25 Apr 2013

FSF: Shadows

Its five sentence fiction time and I may have taken liberties with my sentences, but please forgive me and I hope you enjoy!

Shadows

The leaves rustled as the wind gently swished past them, causing Melody’s dress to flutter and threaten to expose her underwear,  she quickened her pace and with one hand she held onto the side of her dress; pulling the fabric tight to one side so it bunched in her hand and the dress clung to her thighs.
Although she could hear the cars that passed on the road nearby, the air itself seemed weighed down with an echoing silence, and she loosened the fabric slightly so she could move faster.
She always stayed close to the road, to people and to noise as like many she was scared of the dark; she did not fear the dark itself but what could be hidden out of sight, what could cause those shadows that she often saw or imagined, what could be waiting there for her.
She reached her destination, slightly out of breath, but with plenty of time and she released her skirt so she could move freely.
She opened her bag and pulled out her keys and threw them onto the middle of the pathway, Melody shuffled back into the shadows, and with one hand on her gun she waited, unseen, for him to come.

19 comments:

  1. Ah, jealousy!

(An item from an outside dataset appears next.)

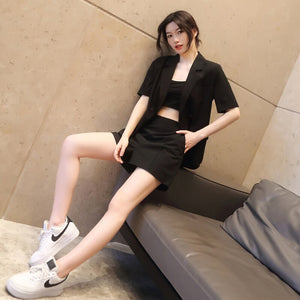 Vogue Loose Casual Shorts Blazer Suits Women's Sets 2 Pieces Short Sleeve Notched Collar Tops + Short Pants Business Outfits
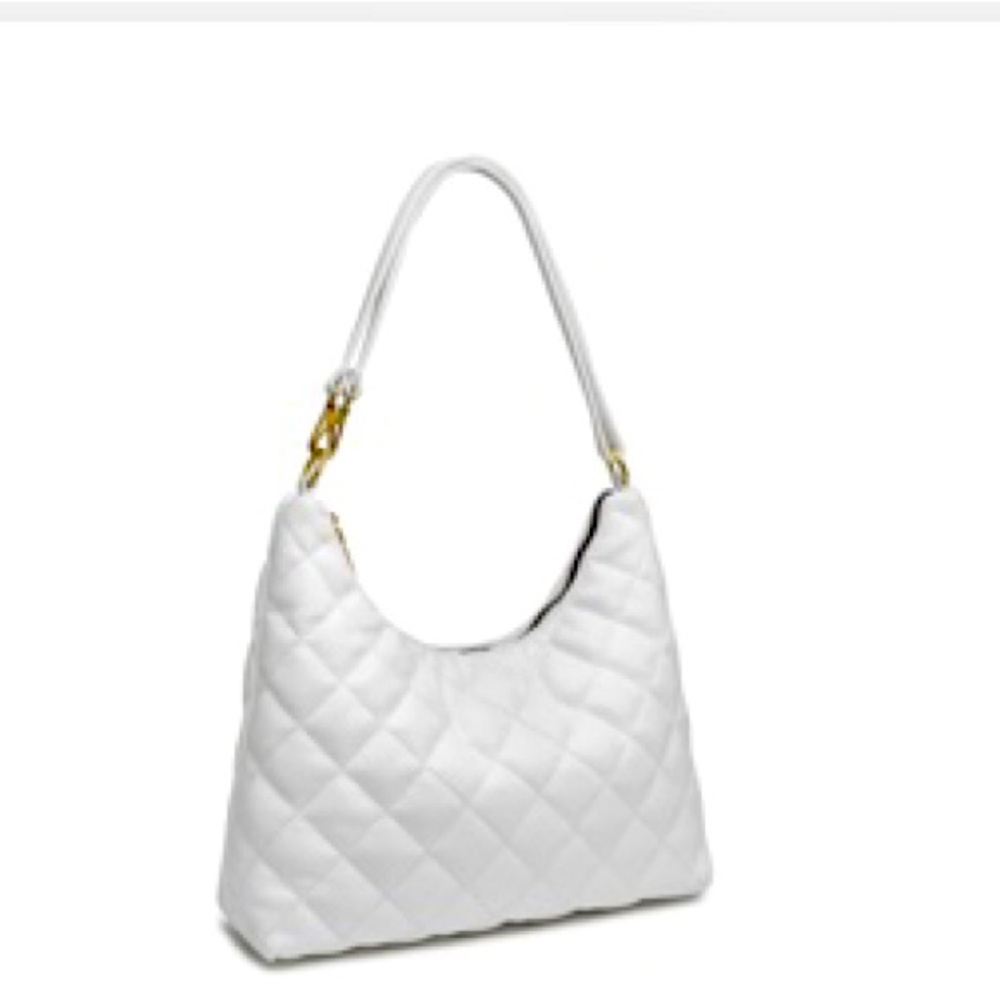White quilted bag hobo style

Crimes of passion! An excellent start for a longer tale, should you wish.

    ReplyDelete
    Replies
    1. Thanks Naila, maybe...although it is definitely a scene that couls slot into my current online series at some point...great suggestion :D and thank you for stopping by and taking the time to comment.

      Delete
  2. The main character initially felt like a young girl to me so the ending was a huge surprise. Nice detail with her dress in the breeze...always tricky.

    ReplyDelete
    Replies
    1. Im not entirely sure whether a dress in the breeze is tricky, the detail is tricky or five sentence in fiction is! but I appreciate you taking the time to comment and when I wrote this piece, the character was early twenties in my head.

      Delete
    2. I think I just confused myself. Doh!

      Delete
  3. Wow! Great writing! I am not often surprised, but you sure surprised me!

    ReplyDelete
    Replies
    1. Thank you Rachael, I am glad you enjoyed it and I hope you will stop back again for more surprises. If you go to the Marjie Myers Writing page there are links to other FSFs. Thanks again.

      Delete
  4. Excellent! Hope she gets the right guy!
    Scott
    Mine: http://kindredspirit23.wordpress.com/2013/04/25/five-sentence-fiction-shadows-4252013/

    ReplyDelete
    Replies
    1. Hehe...I'll have to think about that one :) I look forward to popping by to read yours.

      Delete
  5. Loved reading it. It seems we both had some of the same elements in our endeavors.
    DARK STREETS
    WOMAN IN FEAR
    SHADOWS [You in the shadows. Me fearful of them.]

    ReplyDelete
    Replies
    1. I shall check it out, i was torn between this and puppets, lol!

      Delete
  6. Intriguing tale! I can see her in my mind's motion picture.

    ReplyDelete
  7. Loved the ending, wasn't expecting that. Sounds like one hell of an upset woman!
    Great writing.

    ReplyDelete
    Replies
    1. Hehe...how fun it is to live vicariously through your characters! lol

      Delete
  8. And she seemed to be such a sweet girl...

    ReplyDelete

I really appreciate you taking the time to comment. Spill the beans...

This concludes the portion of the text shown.